Ruru the Cat here. There are many places I'm glad I'm not. Outside, for instance. I don't believe in outside. I know it EXISTS, but it shouldn't. It's big, scary, cold, and today, it's wet. I am in firm denial that anything is beyond my walls, and I'm happy that way. I hear there are some insane cats that actually LIKE it out there. *Shudder*  Oh, no. That's not me. 

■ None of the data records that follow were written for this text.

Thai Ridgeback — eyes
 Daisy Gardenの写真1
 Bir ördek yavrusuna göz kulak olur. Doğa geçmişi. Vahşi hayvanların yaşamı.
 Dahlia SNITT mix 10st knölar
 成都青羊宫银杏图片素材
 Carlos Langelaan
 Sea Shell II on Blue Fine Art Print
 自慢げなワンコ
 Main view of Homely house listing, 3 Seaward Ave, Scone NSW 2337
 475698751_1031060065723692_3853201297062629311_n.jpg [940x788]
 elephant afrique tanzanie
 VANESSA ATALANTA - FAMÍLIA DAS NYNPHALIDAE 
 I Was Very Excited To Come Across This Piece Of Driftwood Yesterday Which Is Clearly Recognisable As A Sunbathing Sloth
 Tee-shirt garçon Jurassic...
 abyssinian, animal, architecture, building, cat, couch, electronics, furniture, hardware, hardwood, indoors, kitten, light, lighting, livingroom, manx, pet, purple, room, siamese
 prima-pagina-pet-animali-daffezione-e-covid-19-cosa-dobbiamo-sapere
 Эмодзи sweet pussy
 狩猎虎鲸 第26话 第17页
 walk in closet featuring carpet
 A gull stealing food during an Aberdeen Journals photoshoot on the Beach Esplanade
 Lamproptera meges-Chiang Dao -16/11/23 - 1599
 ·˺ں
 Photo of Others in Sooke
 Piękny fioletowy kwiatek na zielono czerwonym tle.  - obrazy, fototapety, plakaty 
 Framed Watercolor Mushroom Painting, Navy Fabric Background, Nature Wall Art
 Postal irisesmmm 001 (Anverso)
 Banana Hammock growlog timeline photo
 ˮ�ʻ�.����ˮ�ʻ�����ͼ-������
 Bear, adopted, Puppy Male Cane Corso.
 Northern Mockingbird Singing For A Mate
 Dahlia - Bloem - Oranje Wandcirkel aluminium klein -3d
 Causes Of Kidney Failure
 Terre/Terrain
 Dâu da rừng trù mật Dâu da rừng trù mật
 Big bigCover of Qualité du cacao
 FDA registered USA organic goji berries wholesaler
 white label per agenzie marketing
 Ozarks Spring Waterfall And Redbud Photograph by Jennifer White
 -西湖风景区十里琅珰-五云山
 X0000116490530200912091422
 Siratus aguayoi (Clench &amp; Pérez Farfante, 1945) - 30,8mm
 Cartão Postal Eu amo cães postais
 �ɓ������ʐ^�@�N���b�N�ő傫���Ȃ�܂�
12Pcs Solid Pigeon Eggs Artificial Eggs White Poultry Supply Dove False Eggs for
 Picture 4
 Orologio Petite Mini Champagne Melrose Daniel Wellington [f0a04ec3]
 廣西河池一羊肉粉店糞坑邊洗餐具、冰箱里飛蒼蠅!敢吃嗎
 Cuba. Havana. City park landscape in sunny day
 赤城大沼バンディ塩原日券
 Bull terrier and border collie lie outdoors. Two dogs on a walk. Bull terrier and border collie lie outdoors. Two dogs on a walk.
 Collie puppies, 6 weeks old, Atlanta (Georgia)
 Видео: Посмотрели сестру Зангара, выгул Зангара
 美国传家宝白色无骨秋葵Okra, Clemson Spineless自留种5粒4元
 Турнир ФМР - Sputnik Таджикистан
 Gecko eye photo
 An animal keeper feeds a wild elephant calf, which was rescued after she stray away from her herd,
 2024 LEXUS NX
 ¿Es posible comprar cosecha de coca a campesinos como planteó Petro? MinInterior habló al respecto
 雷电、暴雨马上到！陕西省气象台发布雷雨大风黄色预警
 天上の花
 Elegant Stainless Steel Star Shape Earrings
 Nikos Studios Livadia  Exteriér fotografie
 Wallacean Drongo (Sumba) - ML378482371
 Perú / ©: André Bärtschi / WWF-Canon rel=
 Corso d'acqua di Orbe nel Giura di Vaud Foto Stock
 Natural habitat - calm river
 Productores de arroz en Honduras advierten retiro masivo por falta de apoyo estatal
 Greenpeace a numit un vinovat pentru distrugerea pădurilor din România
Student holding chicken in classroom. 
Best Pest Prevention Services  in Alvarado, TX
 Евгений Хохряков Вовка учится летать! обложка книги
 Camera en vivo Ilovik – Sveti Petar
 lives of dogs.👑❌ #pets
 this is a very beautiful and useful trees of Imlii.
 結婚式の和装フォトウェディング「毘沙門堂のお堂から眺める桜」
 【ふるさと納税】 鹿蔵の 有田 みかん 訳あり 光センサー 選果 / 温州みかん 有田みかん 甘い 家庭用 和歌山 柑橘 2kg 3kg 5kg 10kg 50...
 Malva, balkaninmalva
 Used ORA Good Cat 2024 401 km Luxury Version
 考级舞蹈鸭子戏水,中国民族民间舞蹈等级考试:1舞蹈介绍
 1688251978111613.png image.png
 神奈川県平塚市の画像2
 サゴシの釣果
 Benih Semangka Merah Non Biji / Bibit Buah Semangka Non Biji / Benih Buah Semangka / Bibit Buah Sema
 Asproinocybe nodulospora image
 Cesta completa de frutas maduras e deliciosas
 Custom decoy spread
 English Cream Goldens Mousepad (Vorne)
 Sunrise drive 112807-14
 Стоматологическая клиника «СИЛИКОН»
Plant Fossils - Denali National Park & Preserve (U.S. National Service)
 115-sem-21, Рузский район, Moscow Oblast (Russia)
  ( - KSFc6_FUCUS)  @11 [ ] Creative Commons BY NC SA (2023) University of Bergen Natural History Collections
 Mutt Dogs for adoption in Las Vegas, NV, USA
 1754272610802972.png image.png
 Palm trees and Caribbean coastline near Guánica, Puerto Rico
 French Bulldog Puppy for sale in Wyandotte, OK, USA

[Those nasty, smelly boxes.]

For one thing, outside has those nasty, smelly boxes called cars. I've only ridden in them a few times, which is a few too many. The big boxes often involve little, plastic boxes they lock up like a cage. There's nothing good about a car. You can't convince me otherwise. I feel nauseous and want to vomit every time. I feel movement but can't see it. Because I'd have to look outside. No thank you. It's further evidence that humans are insane. 

[The portal to hell.]

But of all places in the horrible, nightmarish outside, the worst of all places is called the vet. I don't know what it means. I just know that all bad things start and end with those three letters. Pain, fear, and horror happen there. Smells of all sorts of big, scary monsters waft over me, making it a cursed place. I hear the haunted voices of lost souls there. It's just not a place that should exist. Well, the stupid dogs have all gone there recently. I don't know why they'd want to, but they all looked eager when they left. That's all the evidence I need that dogs are crazy, too. Here's the particular dumb and annoying Bean to tell you all about it. 

[I love it outside!]

Bean: We went outside!  I love outside! It's amazing! So many smells!

Ru: See? Absolutely nuts. 

Bean: There are people there I don't know! New friends! All good things happen outside!

Ru: Strangers. Just no. 

[Yay for cars!]

Bean: We got into a car, and my person held me the whole time! It was great! I looked out the window and saw so many exciting things! 

Ru: Exciting is code for awful. 

Bean: We drove and drove to a building that smelled like DOGS! New ones, ones I didn't know! I wanted to meet them all! 

Ru: You really are a sick monster, aren't you, little boy? And you're still smaller than me, so I can tease you. 

[The weird building!]

Bean: We went to this exciting building I only sort of remembered. They took me into a room with a new friend! Except he took me away from my mommy and poked things into me!  I didn't like it at all! I thought I'd never see her again!

Ru: Yet still the exclamation points. Such a drama queen. 

Bean: Then, they brought me back and gave me to my mommy!  It was so great! I hadn't seen her in ever so long! But we were together again, and it was awesome! Then, we went home together! It was amazing! I'm so happy when Mommy takes me places!

Ru: What is your problem, weirdo? They put you through hell, and still, you're annoyingly chipper? What is the point of these torture chambers all tied up with outside? I just don't understand dogs at all. Or people.